DIRECTIONS FOR THIS TASK: Drop the pictures, then extract the listing word for word.

--------------------------------

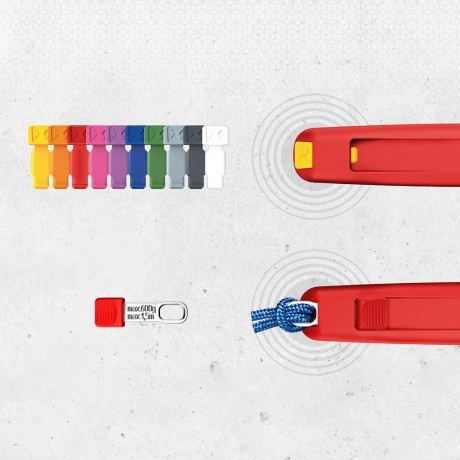 Кліпси для стропи безпеки Tethered Tool KNIPEX 00 62 10 TR, 10шт-00 62 10 TR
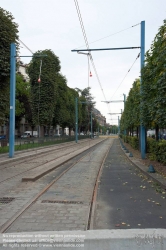 Viennaslide-05391003 Paris, Straßenbahnbaustelle in Saint-Denis - Paris, Tramway Construction in Saint-Denis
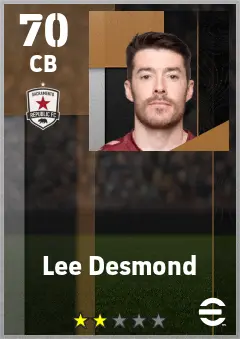 Lee Desmond eFootball 2026 player card — 70 OVR CB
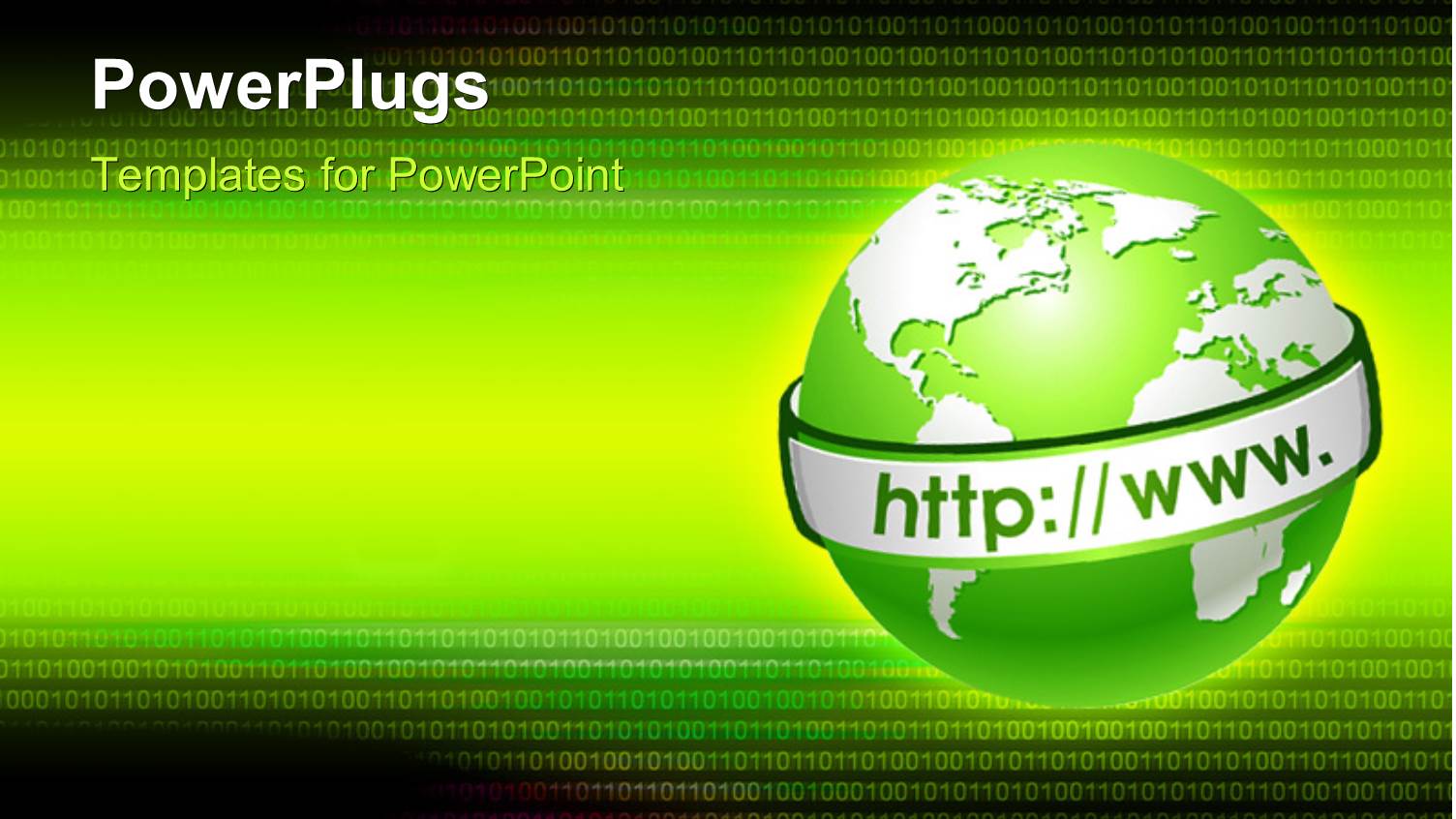 Communication Depiction with Binary Numbers in Background and WWW Around Globe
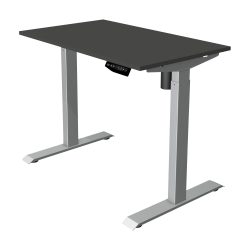 Kerkmann Move 1 Rechteckig Elektronisch Höhenverstellbarer Sitz-Stehschreibtisch Melamin, Stahl Silber 1000 x 800 x 1230 mm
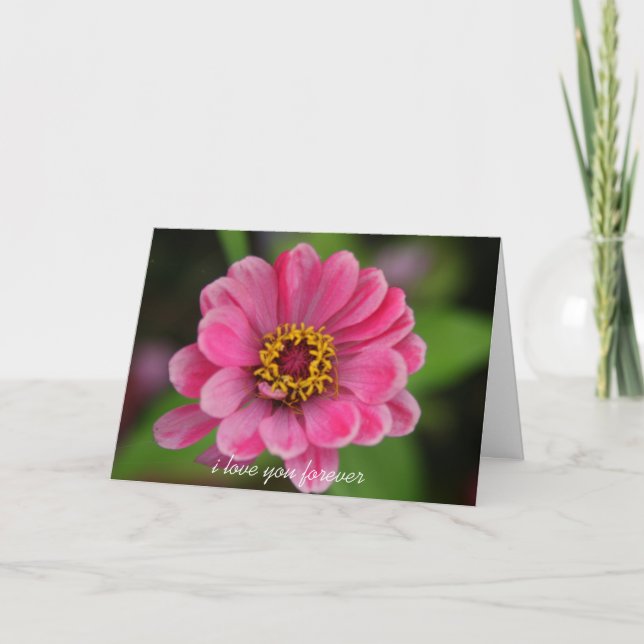 Tarjeta Festiva valentinas de flores rosadas (Anverso)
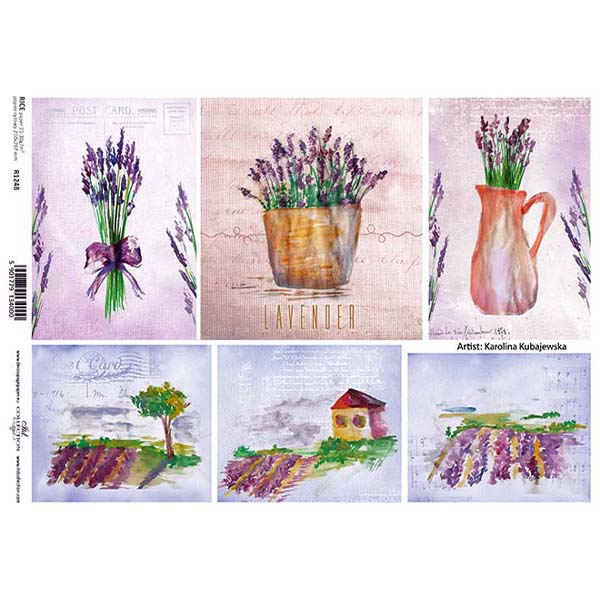1248 ITD COLLECTION DECOUPAGE RICE PAPER A4 - R1248 - Image 1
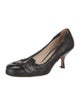 Prada Leather Bow Accents Pumps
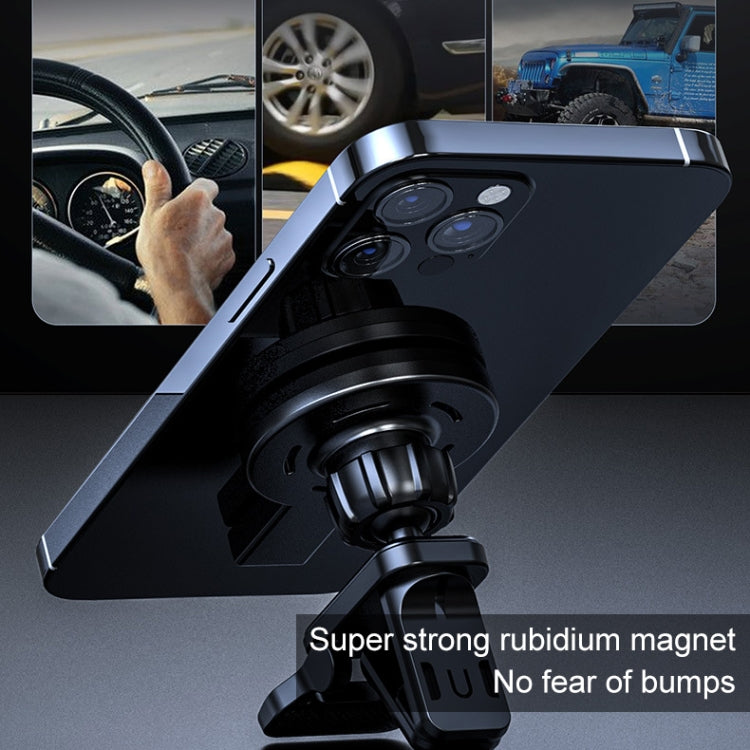 K07 15W Max Output Magnetic Car Air Outlet Bracket Wireless Charger(Black) - Wireless Charger Holders by PMC Jewellery | Online Shopping South Africa | PMC Jewellery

--------------------------------

RESULT FOR THIS TASK:
 Кліпси для стропи безпеки Tethered Tool KNIPEX 00 62 10 TR, 10шт-00 62 10 TR
 Viennaslide-05391003 Paris, Straßenbahnbaustelle in Saint-Denis - Paris, Tramway Construction in Saint-Denis
 Lee Desmond eFootball 2026 player card — 70 OVR CB
 Communication Depiction with Binary Numbers in Background and WWW Around Globe
 Kerkmann Move 1 Rechteckig Elektronisch Höhenverstellbarer Sitz-Stehschreibtisch Melamin, Stahl Silber 1000 x 800 x 1230 mm
 Tarjeta Festiva valentinas de flores rosadas (Anverso)
1248 ITD COLLECTION DECOUPAGE RICE PAPER A4 - R1248 - Image 1
 Prada Leather Bow Accents Pumps
 K07 15W Max Output Magnetic Car Air Outlet Bracket Wireless Charger(Black) - Wireless Charger Holders by PMC Jewellery | Online Shopping South Africa | PMC Jewellery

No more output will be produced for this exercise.